The EGC provisions of JOBS Act 4.0 would extend the period that a company could retain its Emerging Growth Company status from five to ten years. This would reduce the cost of being a public company until substantial size is achieved and will, therefore, make IPOs more attractive. It is part of a well-conceived scaled disclosure regime.

The ever-increasing regulatory burden on public companies means that companies are going public much later in their life cycle. This, in turn, means that a disproportionate share of the gains from successful entrepreneurial ventures accrues to accredited investors buying private placements rather than ordinary investors who own publicly traded shares.REF Policymakers should seek to reduce the burden on public companies so that ordinary American investors can share in these gains.

I have two suggestions about how to improve this very constructive section of the bill. First, I would suggest that EGC status be made indefinite rather than limiting it to 10 years. Second, I would recommend amending the Securities Act and the Securities Exchange Act so that EGCs (and smaller reporting companies) are exempt from (1) climate change or greenhouse gas emissions reporting,REF (2) diversity, equity and inclusion reportingREF and (3) human capital management reporting.REF Of course, it would be preferable to simply define materiality so that such reporting is not required of any issuer.

The proposed climate change rule alone has been estimated by the SEC to increase the costs of being a public company by an astounding 165 percent, by $6,378,073,242 in the aggregate from $3,856,958,756 to $10,235,031,998.REF And this is a massive underestimate because huge swaths of the costs imposed by scope 3 are not counted. In other words, the proposed climate change rule will nearly triple the costs of being a public company. With one regulation, the Commission is considering adding more costs on issuers than all of the regulations promulgated in the previous nine decades. It is difficult to conceive of a more destructive policy and, if promulgated, it will dwarf the positive impact of this legislation. The DEI and human capital management reporting requirements will just make the problem worse.

Small Business Audit Correction Act

The number of broker-dealers has declined by about 30 percent over the past 15 years.

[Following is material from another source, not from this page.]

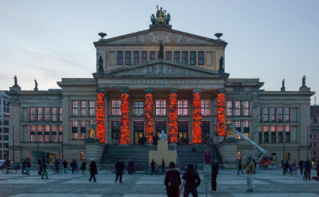 Le Konzerthaus de Berlin et ses colonnes habillées de gilets de sauvetage. Photo (c) Mompl Le Konzerthaus de Berlin et ses colonnes habillées de gilets de sauvetage. Photo (c) Mompl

A large reason for this decline is the ever-increasing regulatory burden that crushes the profitability of small broker-dealers. Regulatory costs do not increase linearly with size, so heavy regulation accords a competitive advantage to large firms. The decline in small broker-dealers harms small entrepreneurs because small broker-dealers are more likely to assist them to raise capital than large investment banks.

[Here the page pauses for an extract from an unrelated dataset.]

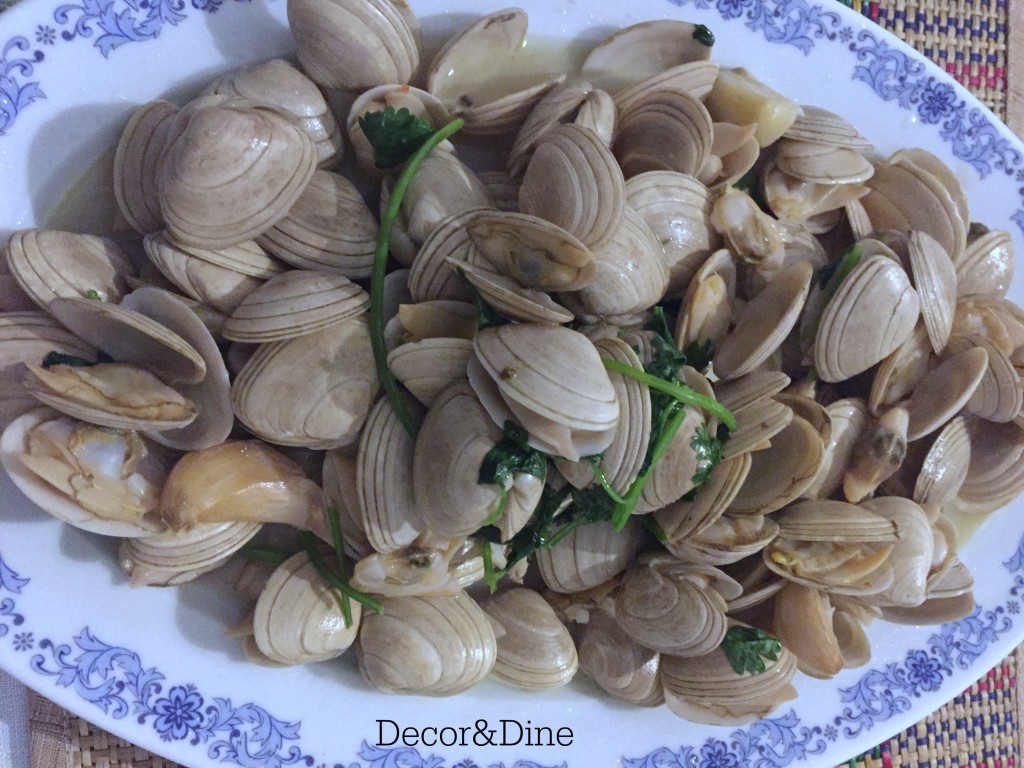 Clams in Garlic Sauce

This constructive billREF would exempt privately-held, non-custodial broker-dealers from the requirements to use a Public Company Accounting Oversight Board (PCAOB) registered firm for their audits. These small firms are not public companies and do not generally hold customer securities or funds. They pose no risk to the financial system as a whole. It is appropriate to allow them to comply only with normal audits rather than the more expensive PCAOB compliant audits. They would still be subject to the full panoply of both SEC and FINRA rules governing broker-dealers.88

Additional Proposals Relating to Entrepreneurial Capital Formation

See my submission to the Committee for details regarding the proposals in this section, including an analysis of why they are desirable and, in many cases, proposed statutory language.REF

Proposals Relating to Substantive Changes to the Securities Laws

  1. Congress should codify and broaden the exemption from the section 12(g) holder-of-record limitations for Regulation A securities.
  2. Congress should eliminate the income and net worth limitations imposed by Regulation A (although not by Securities Act section 3(b)).
  3. Congress should exempt P2P lending from federal and state securities laws.
  4. Congress should amend Title III of the JOBS Act to create a category of crowdfunding security called a “crowdfunding debt security” or “peer-to-peer debt security” with lesser continuing reporting obligations.
  5. Congress should statutorily define materiality in terms generally consonant with Supreme Court holdings on the issue but should specifically excludes social and political objectives unrelated to investors’ financial, economic or pecuniary objectives.
  6. Congress should amend the Securities Act and the Securities Exchange Act to reflect the principles of the Civil Rights Act by prohibiting securities regulators, including SROs, from promulgating rules or taking other actions that discriminate on the basis of race, color, religion, sex, or national origin of such individual or group. Legal discrimination or quotas on the basis of race or sex should be a relic of the past.
  7. Congress should terminate the Consolidated Audit Trail program

Proposals Relating to Studies or Data Improvement

  1. Congress should require the Division of Economic and Risk Analysis at the SEC to conduct a study mapping and reporting accredited investor data by state and county but permitting the use of core-based statistical areas or metropolitan statistical areas if data masking by the Census Bureau or the IRS Statistics of Income effectively requires their use.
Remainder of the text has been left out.